Speculation becomes theory, theory becomes opinion, opinion becomes analysis, analysis becomes fact and soon we've spun off into an entirely fictional world of manufactured information which has nothing whatsoever to do with reality.

As events move onward, this only gets worse.

Today, two days after the bombing, we still don't know who perpetrated it or why or if they acted alone or as part of a group,  Yesterday a Saudi man was in custody and media reported that he was "a person of interest" with hits at "suspect" status right up until he was eventually released.  Today rumors circulate of arrests, but they're all officially denied.

Everyone wants to break the next big news in this story; there is a tremendous sense that we are about to have a profound national conversation about something but no one is altogether sure what about.

We do know some things but those things are very few and as important and vital as they might seem right now, they might ultimately turn out to be nothing more than noise in a larger data stream.
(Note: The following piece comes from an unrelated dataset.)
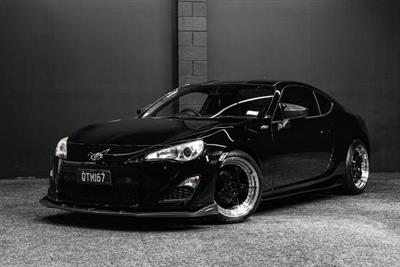 2012 Toyota 86 - Thumbnail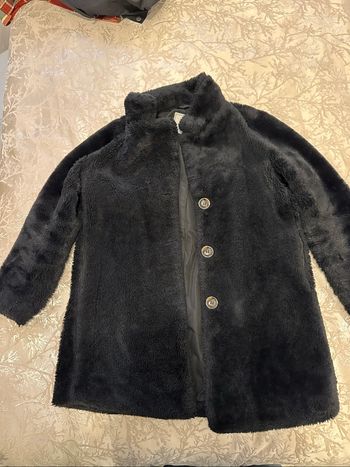Manteau fourrure PIMKIE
  • We know that the bomber attacked on Tax Day which is also Patriot's Day
  • We know that the bomber attacked a marathon.
  • We know that the bomber attacked Boston, a city with symbolic significance in - among other things - Revolutionary War History, Taxation, Catholicism, and Education.
  • We know that the bomber used a bomb design previously published in Al Qaeda literature
  • We know that the bomber sought to maximize injuries and fatalities by using shrapnel 

This is all we know, really, about the identity and motivation of the bomber.  It's possible that every one of these is a vital clue; it's also possible that none of them are.  The data set is too small and we cannot yet distinguish signal from noise - but the 24 hour news stations have air-time to fill and they can't very well talk about Jessica Simpson's son or Jennifer Aniston's wedding at a time like this.

So round and round we go.

The information we have fits the profile of a domestic right-wing terrorist reasonably well - not perfectly, but reasonably well.  It also fits the profile of an Al Qaeda affiliated Islamist extremist reasonably well - again, not perfectly, but reasonably well.  It fits another handful of various terror profiles to boot, and again, there is simply no way to know, at this point, much of anything about the bomber.

And so, in a increasingly connected world where minutes seem like hours and days like lifetimes, we wait... and speculate.